Echoes Over Time: Unlocking Length Generalization in Video-to-Audio Generation Models
This addresses the problem of limited data and text-video mismatch for researchers and practitioners in multimodal AI, though it appears incremental as an enhanced extension of existing models.
The paper tackles the challenge of scaling multimodal alignment for video-to-audio generation, specifically testing if models trained on short instances can generalize to longer ones. The proposed MMHNet method significantly improves long audio generation up to over 5 minutes, beating prior works on benchmarks.
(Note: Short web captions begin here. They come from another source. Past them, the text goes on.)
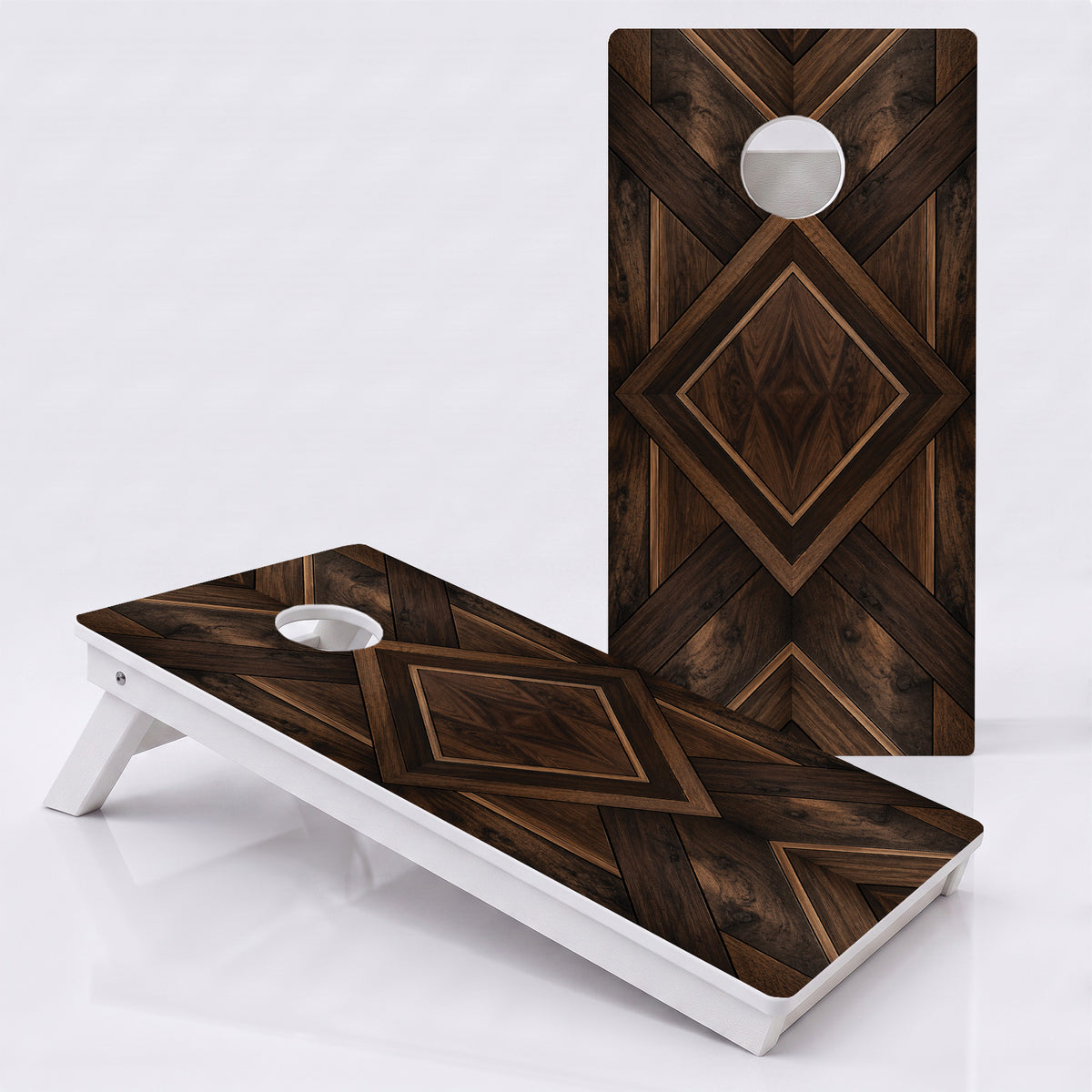 Walnut Diamond Inlay Weather Proof Cornhole Boards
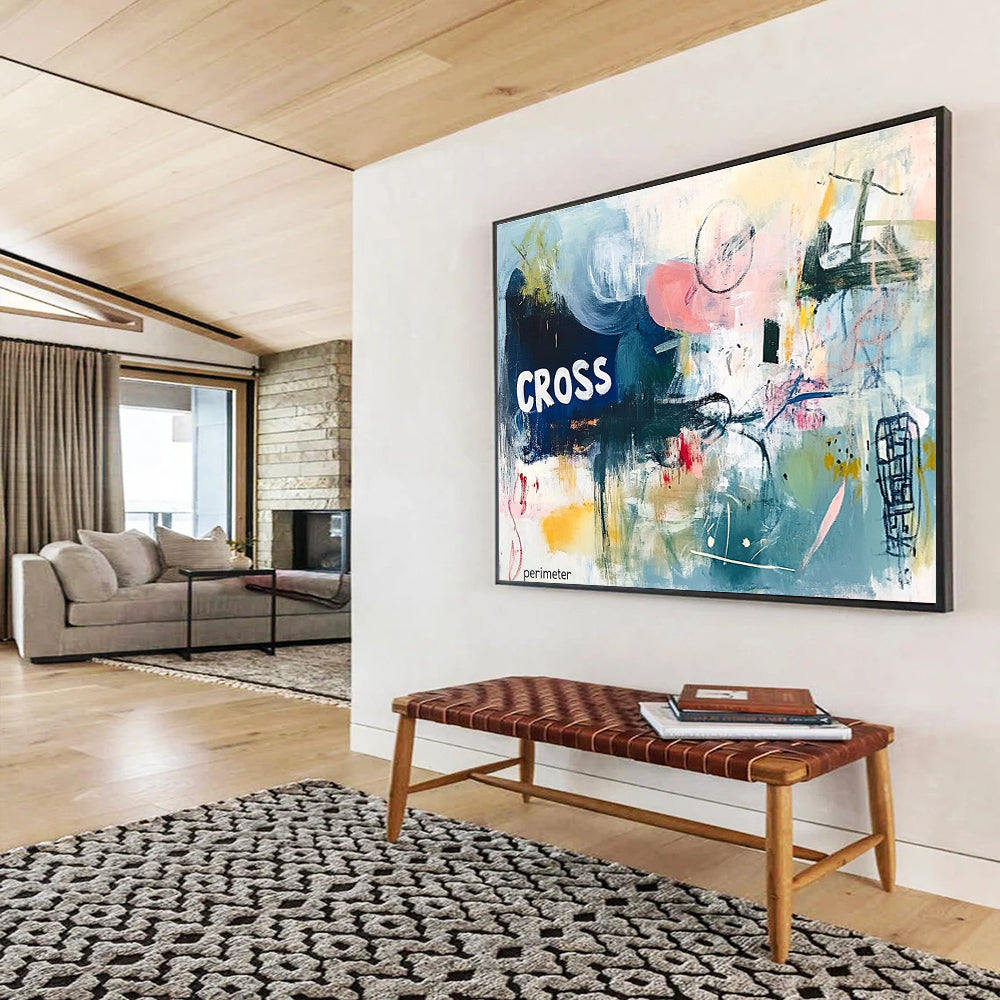 Abstract with 'CROSS' Art for Edgy Café & Creative Studio SC307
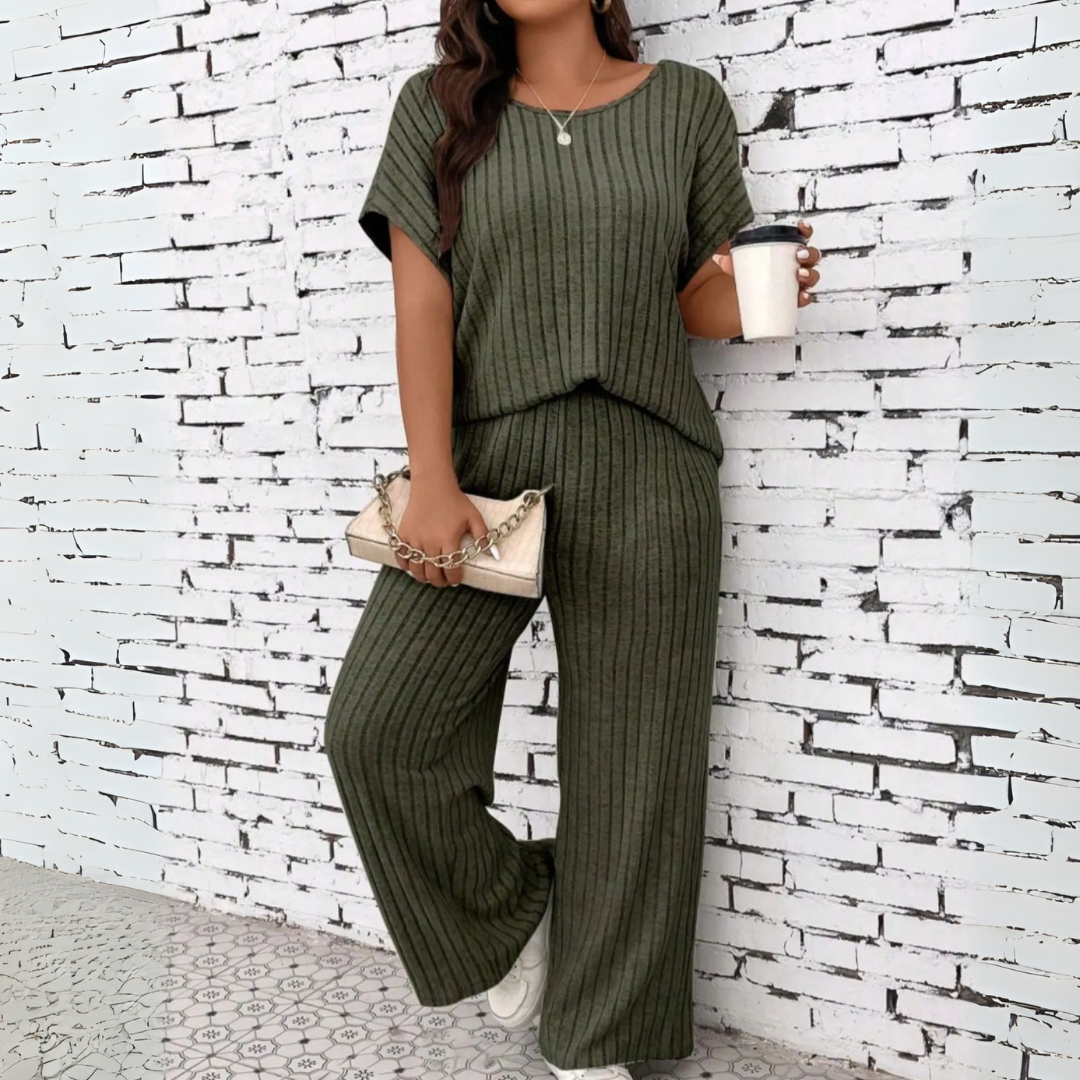 WAUNA™ - Casual Plus Size Korte Mouwen Top en Broek Set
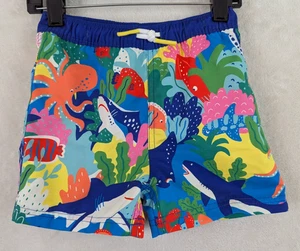 Mini Boden sz 2-3Y Swim Shorts or trunks mesh lined sharks fish 0781 - Picture 1 of 4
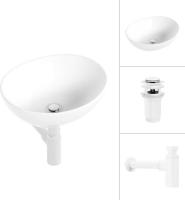 Умывальник Lauter 21652 + клапан 21190W + сифон 21635W (белый матовый)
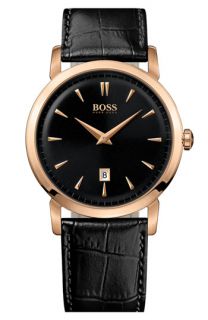 BOSS HUGO BOSS Round Leather Strap Watch, 40mm
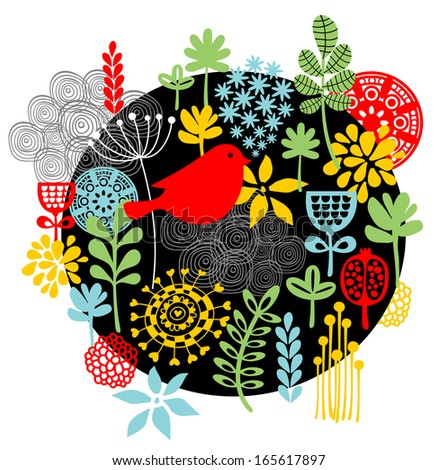 Birds, flowers and other nature. Vector illustration. 
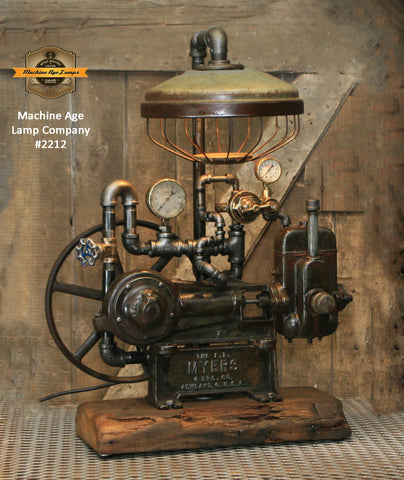 Steampunk Industrial Lamp / Machine Age Lamp / Pump / Farm / Barnwood / Steam Gauge / Lamp #2212 sold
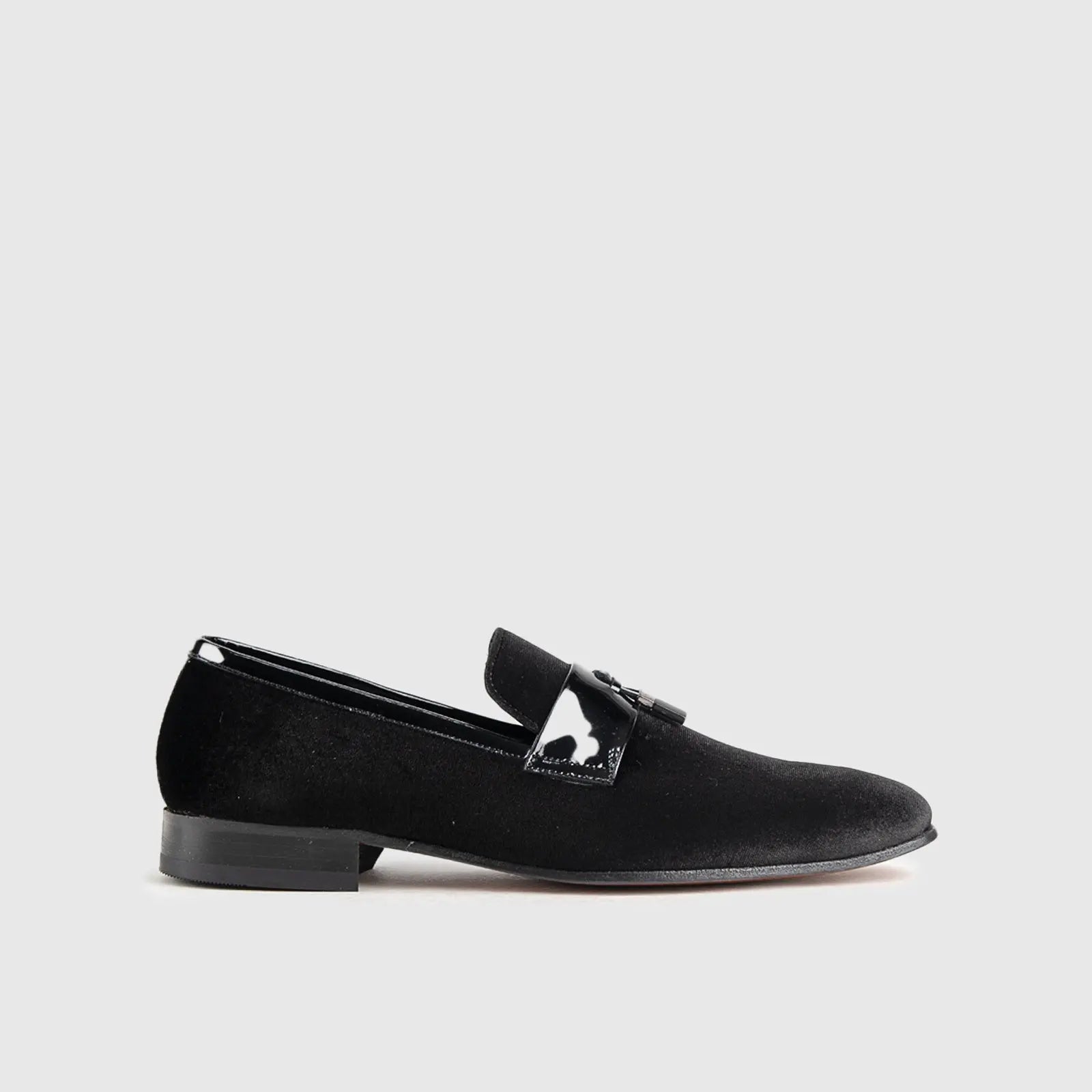 Statement Dress Loafers 1802 Black Velvet Loafers | familyshoecentre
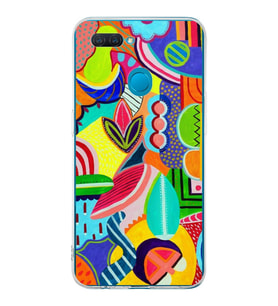 PrintiFy Oppo A5S  ile Uyumlu 1mm Slim Fit Retro Renkler 6 Baskılı Şeffaf  Kılıf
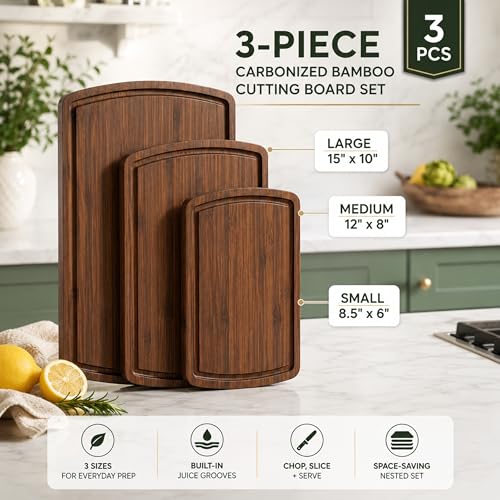 Bamboo Cutting Boards for Kitchen (3 Count)
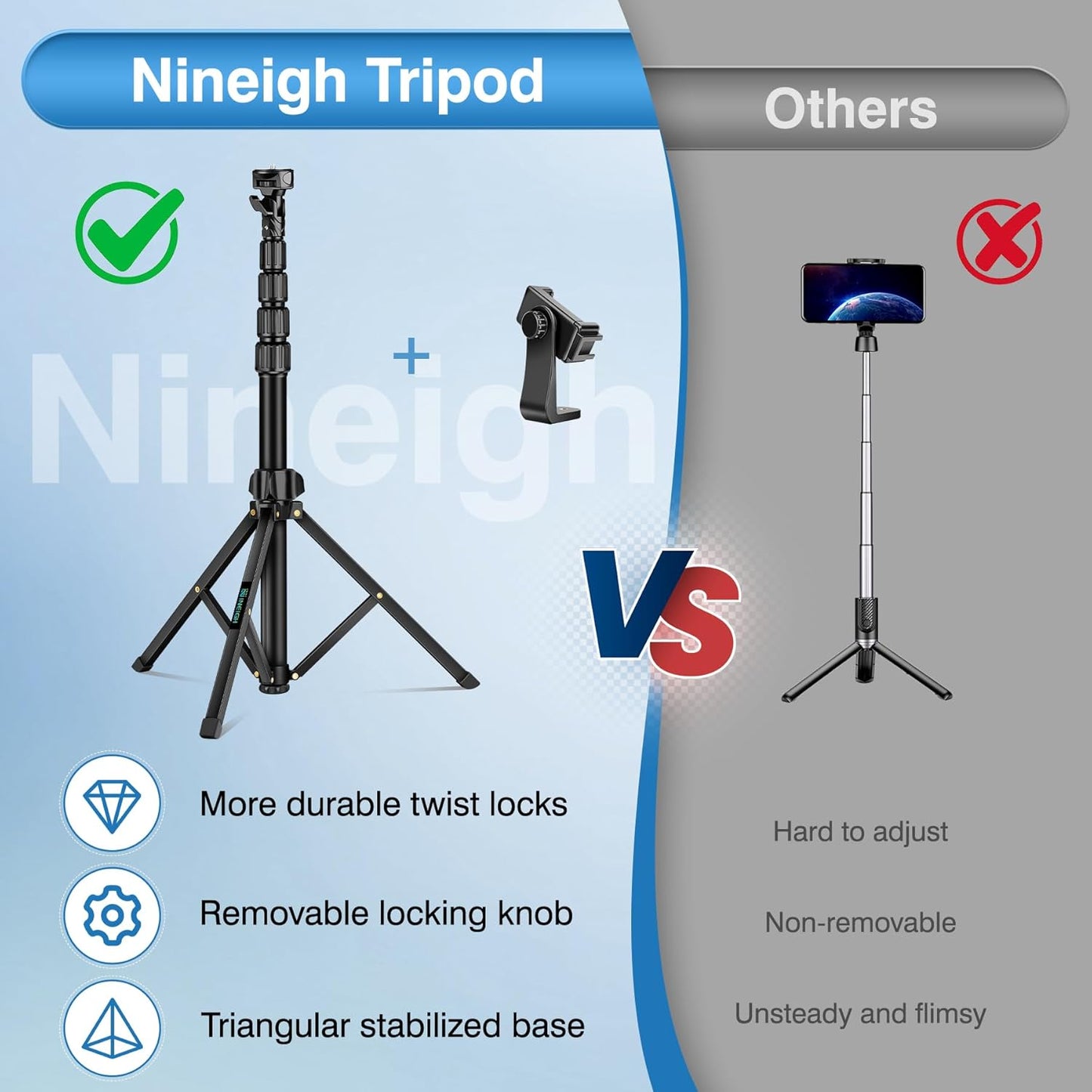72" Tripod for iPhone, Phone Tripod with Remote, Black Aluminum, Compatible with Smartphone/Camera/Gopro, Cellphone Tripod Stand for Video Recording Selfies Vlogging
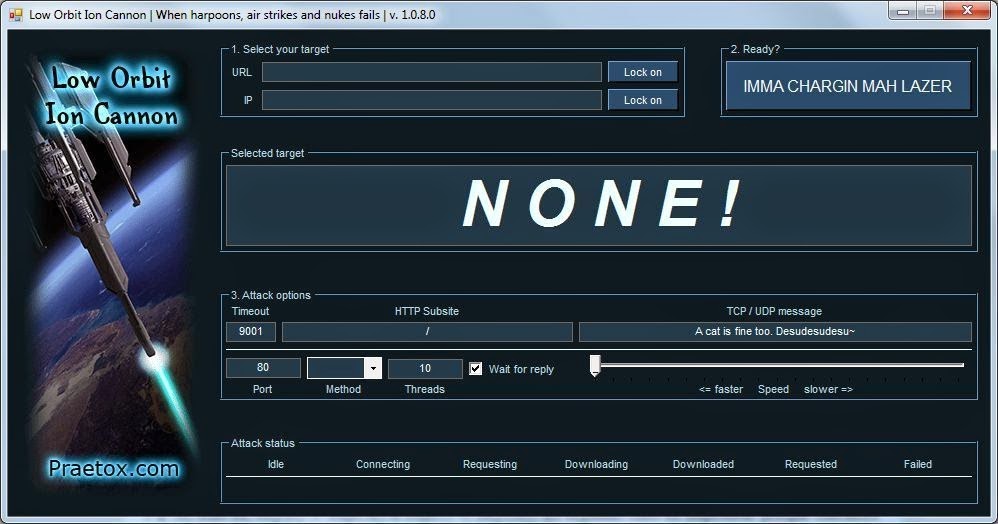 LOIC 1.0.8 (Low Orbit Ion Cannon) A network stress testing application KitPloit PenTest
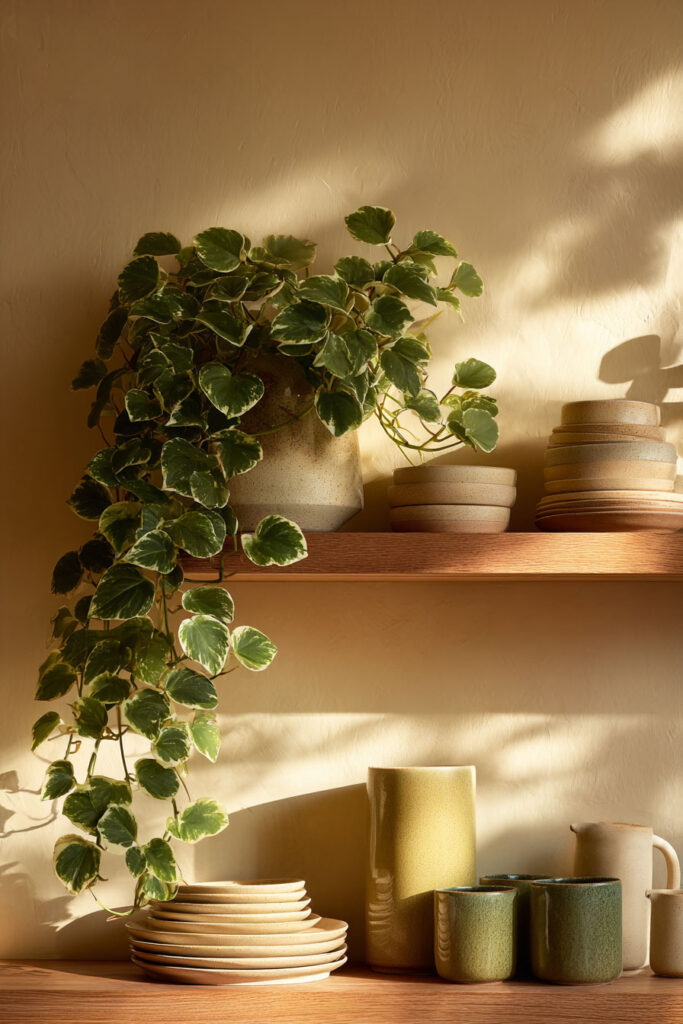 Cozy kitchen open shelving with trailing pothos plant, ceramic dishes, warm sunlight, and natural wood decor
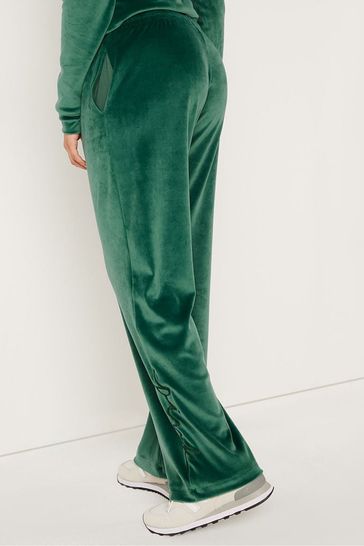 Buy Victoria s Secret PINK Satin Green Velour Wide Leg Lounge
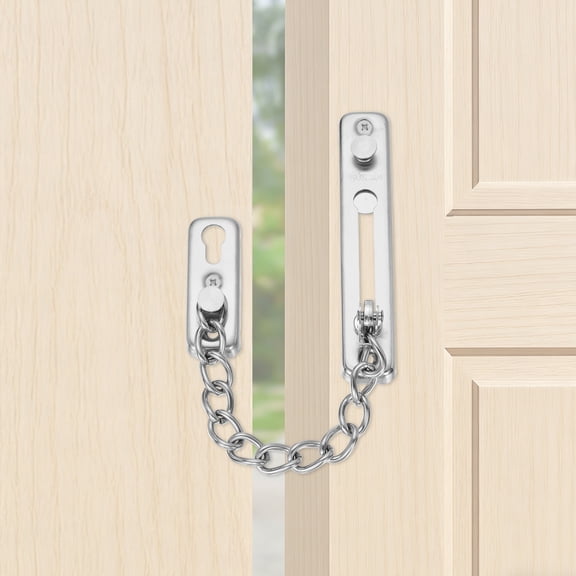 Uxcell Door Chain Lock, 304 Stainless Steel Anti-Theft Chain Latch, Security Front Door Guard Lock with Spring with Screws for Home, Bedroom, Hotel, Cabinet Safety, Steel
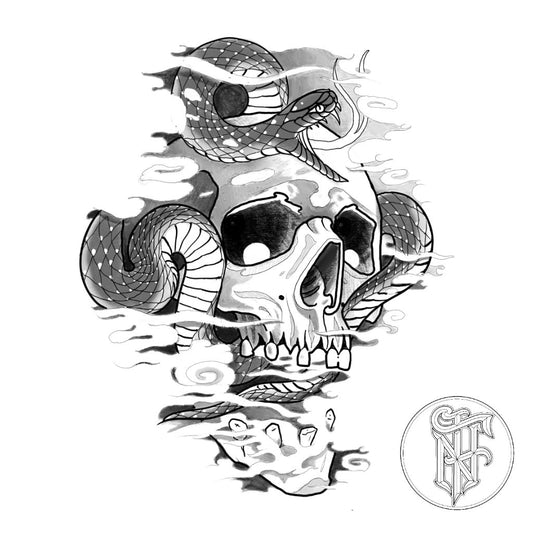 Tatuagem Black Work Serpente e Caveira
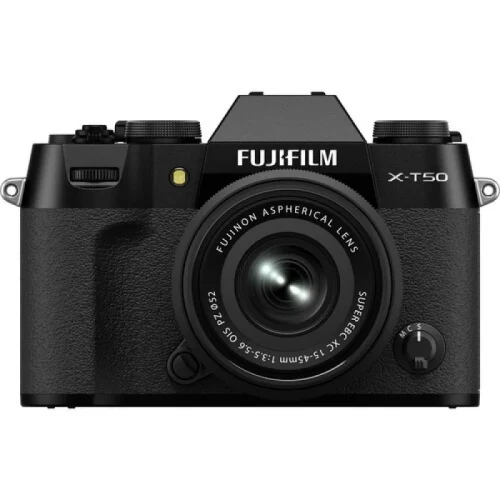 Front view of a black Fujifilm X-T50 mirrorless camera with a lens attached.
Scaling multimodal alignment between video and audio is challenging, particularly due to limited data and the mismatch between text descriptions and frame-level video information. In this work, we tackle the scaling challenge in multimodal-to-audio generation, examining whether models trained on short instances can generalize to longer ones during testing. To tackle this challenge, we present multimodal hierarchical networks so-called MMHNet, an enhanced extension of state-of-the-art video-to-audio models. Our approach integrates a hierarchical method and non-causal Mamba to support long-form audio generation. Our proposed method significantly improves long audio generation up to more than 5 minutes. We also prove that training short and testing long is possible in the video-to-audio generation tasks without training on the longer durations. We show in our experiments that our proposed method could achieve remarkable results on long-video to audio benchmarks, beating prior works in video-to-audio tasks. Moreover, we showcase our model capability in generating more than 5 minutes, while prior video-to-audio methods fall short in generating with long durations.